愛を教えて、キミ色に染めて【完】
「――円香、お前、初めてなんだよな?」
「……は、はい……」
「怖いか?」
「……少し……怖い、です……」

 いつしかソファーの上に寝かされていた円香は、伊織に見下ろされながら問い掛けられ、その質問に息を整えながら答えていく。

「俺は嫌がる女を無理矢理抱く趣味はねぇんだ。止めるなら今のうちだ」
「……嫌、じゃ……ない、です……ただ、」
「何だよ?」
「……優しく、して欲しい……です……」

 今一度円香の本心を確認した伊織は彼女のその言葉に、

「そうだな、初めては優しくしてやる。一生忘れられねぇくらい、心も身体も溶かしてやるよ――」

 悪戯な笑みを浮かべた伊織は円香の唇に優しく触れるようなキスをすると、耳朶に指を這わせ、その指は首筋、鎖骨へと滑っていき、慣れた手つきでブラジャーを外していく。

「……っ、ふしみ、さん……」
「伊織って呼べよ、円香」
「……い、おり……さん……っあ!」

 名前で呼ぶよう言われ、恥ずかしがりつつも名前を口にした円香の首筋を甘噛みする伊織。

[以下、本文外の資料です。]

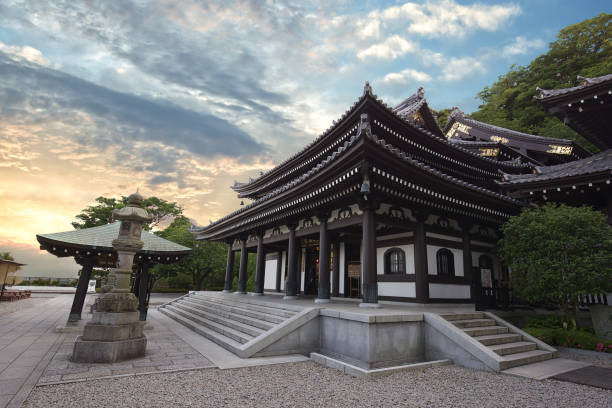 edificio de madera en la entrada del templo hase-dera - hase temple fotografías e imágenes de stock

 露わになった胸にも指先が当てられ、(くすぐ)ったさと快楽が円香の身体を支配していく。

(何、これ……頭も身体も、変になりそう……)

 初めての感覚に頭がボーっとして何も考えられなくなる円香は、伊織に触れられるたび自分の身体が自分の物では無くなる気がして怖いはずなのに、彼になら全てを任せられるという信頼感から身体を委ねていた。

 何度となく訪れる快楽に身体を揺らし嬌声(きょうせい)を上げる円香に、伊織は興奮していた。

(女なんてこれまで数え切れない程抱いてきたけど、こんな感覚は、初めてだ……)

 任務の為に女を抱く事はあっても、相手を悦ばせる事など考えて抱いた経験はなかった伊織。

 けれど円香にだけは、悦ばせたい、自分に溺れさせたいという思いが生まれ、伊織自身も行為を楽しんでいた。

 そして、

「円香、力を抜け」
「……っん!」

 身体にいくつもの赤い印を付けられ、全てを溶かされた円香。

 未知の行為に怖さを(いだ)きつつも、耳元で囁かれ、髪を優しく撫でられたお陰か痛みはほんの一瞬ですぐに快楽へと変わっていき――円香の初めては伊織によって奪われ、人生で一番、満たされた瞬間となったのだった。